Mason’s population was about 1,500 in 2020, according to the 2020 census, but fell to under 800 after a local private prison closed.
The town could benefit from Ford’s $5.6 billion electric truck and battery plant, which is expected to generate 26,000 jobs in its planned 2025 opening. Many of those living in Mason are the descendants of people enslaved in the area before Emancipation.
Mumpower could have opted for state financial oversight, but instead, he demanded the town give up its charter entirely, something that would have subsumed the mostly Black and majority Democrat community into Tipton County, which is 75% white and voted 71% Republican in the last presidential election, according to the Tennessee Lookout.

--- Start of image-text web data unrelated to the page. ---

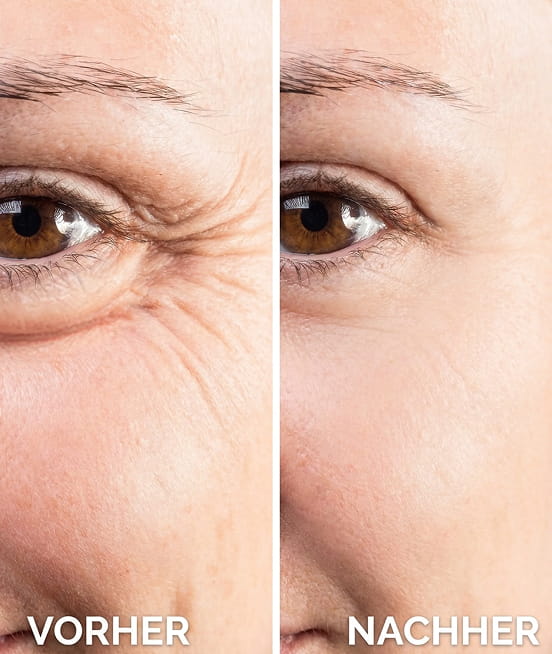A before and after comparison showing the reduction of wrinkles around a person's eye.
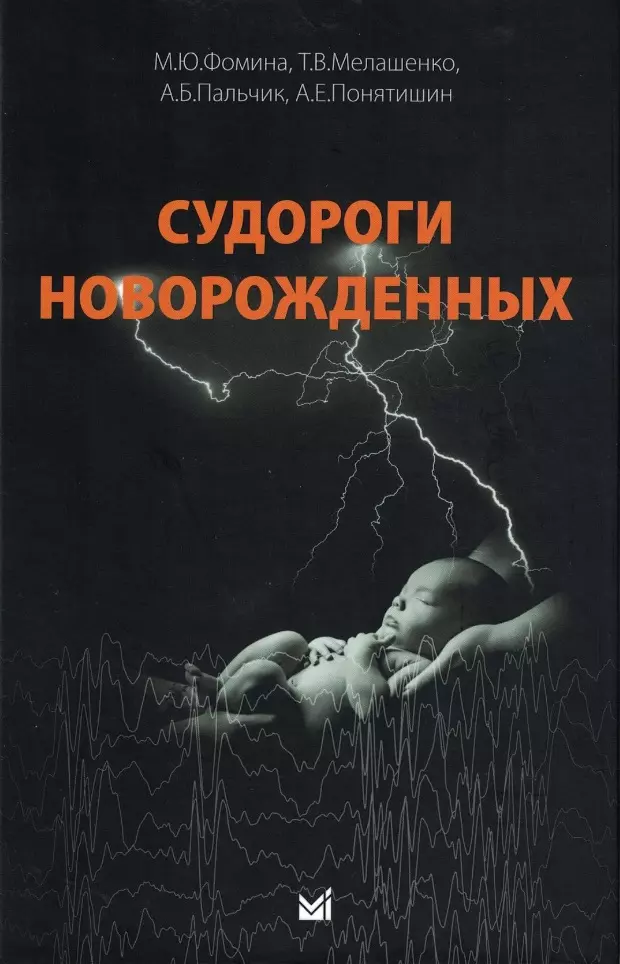 Пальчик Александр Бейнусович, Фомина Мария Юрьевна, Мелашенко Татьяна Владимировна - Судороги новорожденных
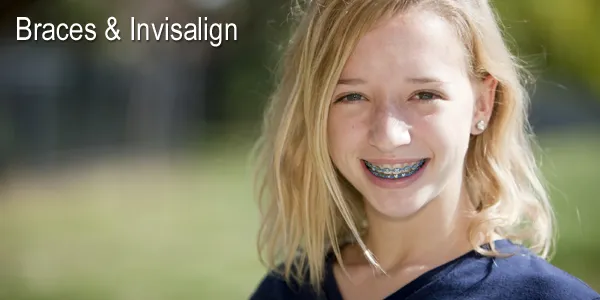 Braces and Invisalign Indianapolis - Contemporary Orthodontics for Children and Adults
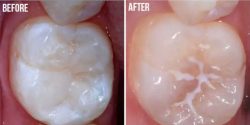 فیشور سیلانت برای جلوگیری از پوسیدگی دندان ها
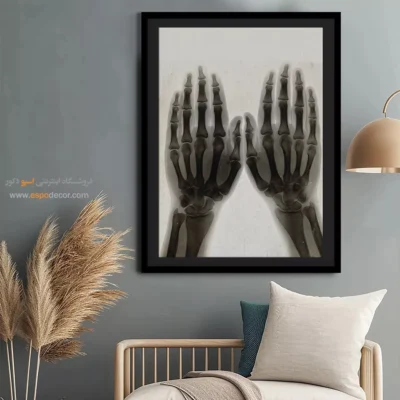 تابلو آناتومی - اسپو دکور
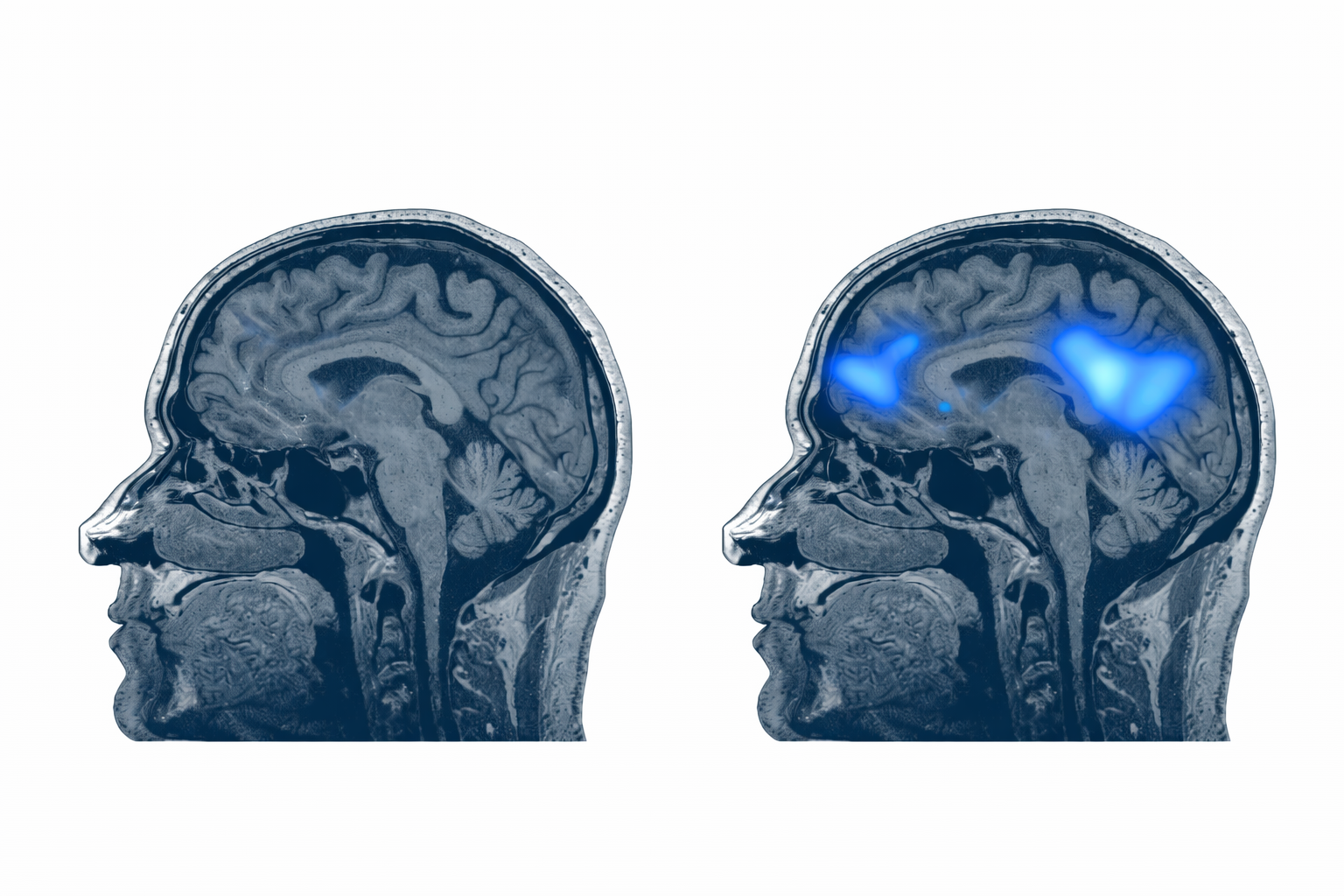 Visual comparison for: What even is hypnosis, really?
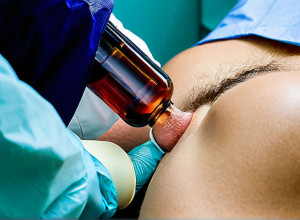 Штучний інтелект у медицині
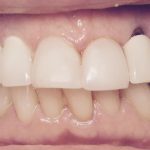 Smile Gallery image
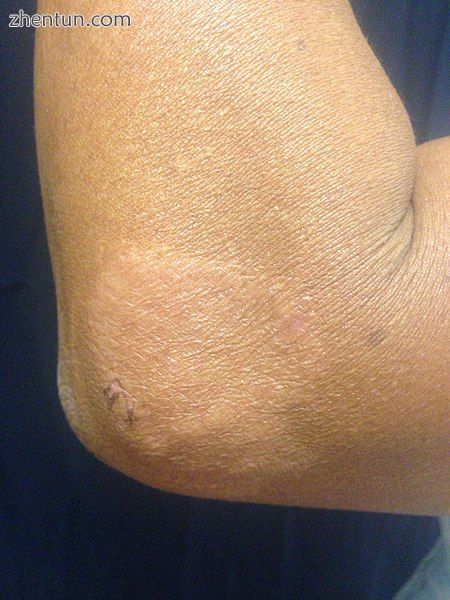 Paucibacillary leprosy (PB) Pale skin patch with loss of sensation.jpg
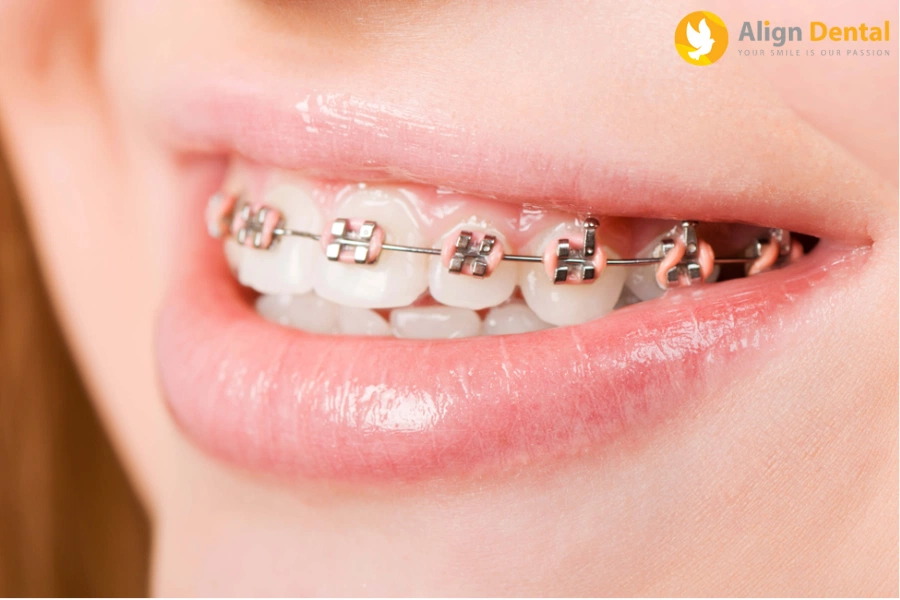 Niềng Răng Mất Bao Lâu? Yếu Tố Ảnh Hưởng Đến Thời Gian Niềng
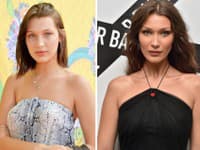 Bella Hadid čelí často kritike kvôli nepriznaným plastickým operáciám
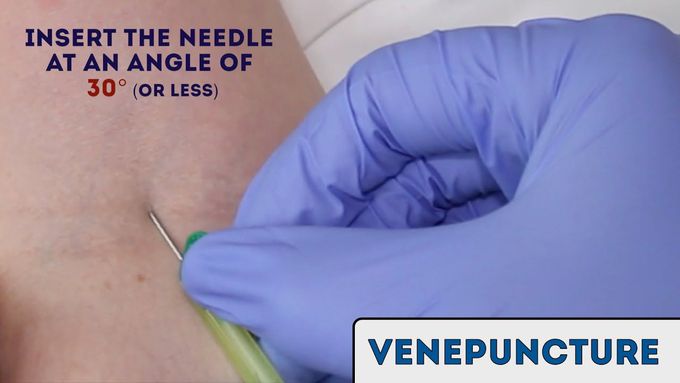 Venepuncture - How to take a blood sample?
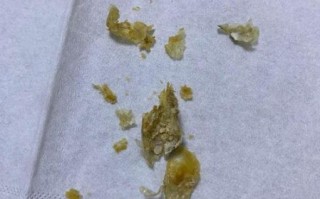 吃了耳屎会怎么样_耳屎有毒吗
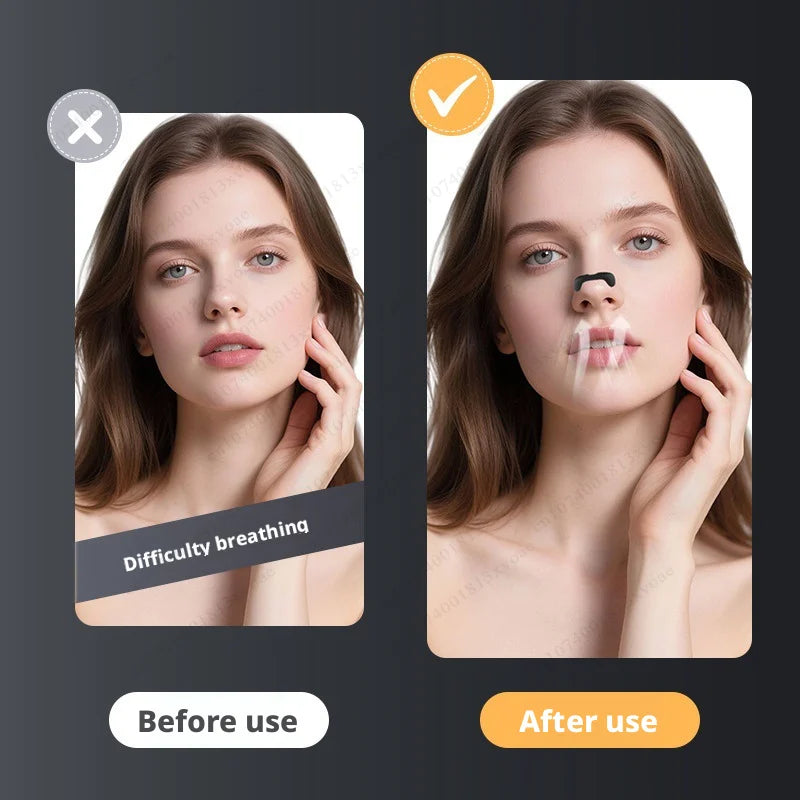 Nasal Dilator Sleep Nasal Breathing Dilators Starter Kit Nose Breathe Strips Nasal Strips Reduce Snoring Increase Air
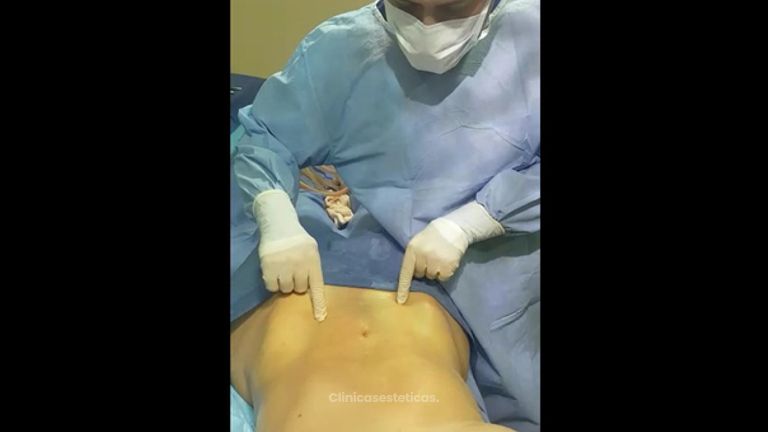 Marcación Abdominal 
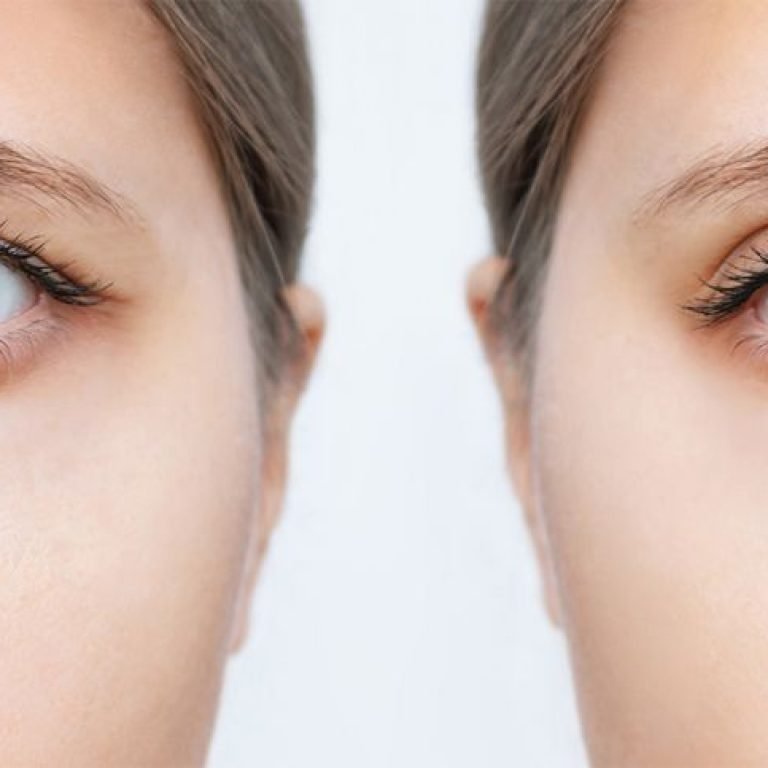 Who Is a Good Candidate for Blepharoplasty Coral Springs, FL?
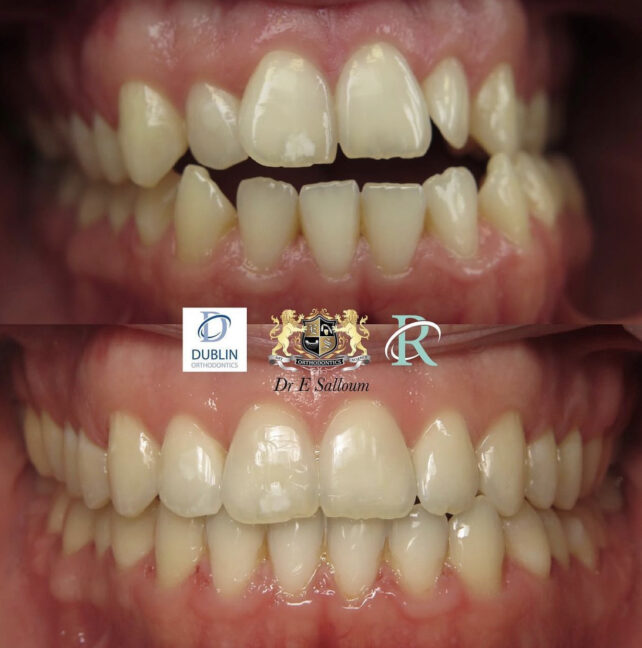 Before - Dr Erfan Salloum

Today, Mason’s current mayor, vice mayor, and five of its six aldermen are Black.
A financial takeover would have meant that the comptroller had full veto power over any and every nonpayroll expense of $100 or more.
The town immediately filed a lawsuit to stop the takeover, and challenge Mumford’s veto power.
Attorney Van Turner Jr., president of Memphis’ branch of the NAACP, represented Mason’s town leaders. He told the Johnson City Press, that “[t]hey set up Mason to fail” and although the initial demand to halt the takeover while the suit winded its way through the courts was denied, the latest agreement is a “significant victory,” Johnson added.
The agreement says that Mason officials must inform the state of any expenses over $1,000 and will file monthly reports, not weekly reports as originally requested. Additionally, Mason’s payments to its water and sewer funds were cut from $10,000 per month to $5,100, Johnson City Press reports.
“For far too long, we’ve seen highways going through our cities in our community, or hostile takeover by states … Here’s an opportunity for the citizens to retain their charter, implement best practices and participate in the opportunities that the economic development we’re bringing for this community,” Johnson said.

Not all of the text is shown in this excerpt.